The north west corner is littered with evidence of flint mining, and from here the visitor can see the satellite forts at Chanctonbury and Highdown Hill, conveniently placed to watch across the Low Weald, and provide warning back to the main camp, from where in good light one can see the other major sites at Whitehawk Hill and Mount Caburn.

That these places met a violent end when the Romans came is not in doubt, artefacts found at Caburn have suggested a ferocious last stand, but no such evidence has been found at Cissbury that I know of. Maybe it was just too well defended and the Romans contented themselves with conquering all that surrounded and leaving Cissbury to stew, cut off and alone.

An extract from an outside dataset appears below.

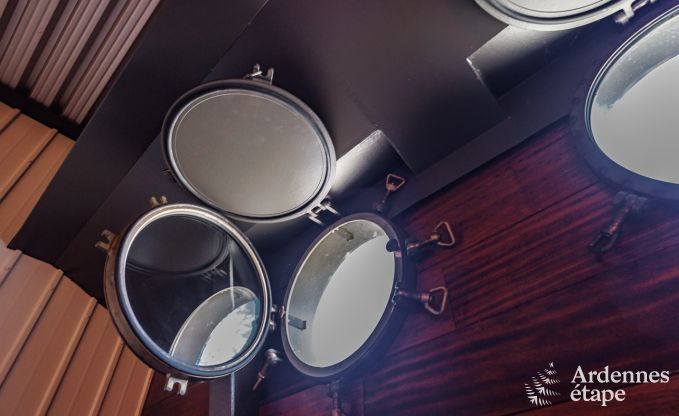 G�te insolite � Ittre pour 8 personnes en Ardenne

Walking around the ramparts shows just what a comanding position the site has, and how well chosen it is for such an important site, with access to huge quantities of flint and defensive views out across what would have been salt marsh to the open sea, and back inland for miles on either side. On a good day the Isle of Wight is clearly visibile, and yet the highest part of the site is tucked away near a back corner with only a trig point to identify it.

It was here I found shoulder from a chill north easterly behind an ancient oak to enjoy my lunch.

There are ghosts here, those from the ancient past, and even some of my own from previous visits - when I passed through with Bernie last year on our way to a picnic at Chanctonbury, when Mandy fell and broke her flipflop after ignoring my advice to wear slightly more substantial footwear, and when I came here alone in the wet winter of 2000/01 wondering which path to take in my life.

Today though was the first time I felt I had actually been to Cissbury, actually visited, rather than passing through on my way somewhere else. The peace here is a privelege to be enjoyed and a reminder of a time centuries past when the loudest noise a person would ever hear was the cry of the war trumpet or the bark of a dog.

Two pheasants startled me, breaking cover from some gorse just entering it's first flower and sqauwing their warning cry as they rose in unison to fly into the hazy late winter sun. Other than that the place was silent except for the faint hum of a tractor as a farmer far below in Findon ploughed the land ready for this year's crops, as his ancestors have for a thousand years or more in the valley below the ring.

The route can be found here:

http://www.everytrail.com/view_trip.php?trip_id=986760

A good place to donate your spare pennies is

http://www.sussar.org/index

Friday 25 February 2011

SSaR Training

I guess it counts as a walk, so I thought I'd mention the 6 or so miles I covered on the 20th Feb, on my first Search and Rescue Training exercise.

Rocked up at 1000 and got fispatched very quickly to go and search a chruchyard for a missing person, said to be suicidal, or in SSaR terms, despondent.

This was my first visit to Stanmer Park in many years, and I had forgotten about this little piece of history tucked away on the edge of Brighton, seemingly left in early modern history, set out much as manorial estate would have been before the acts of Enclosure.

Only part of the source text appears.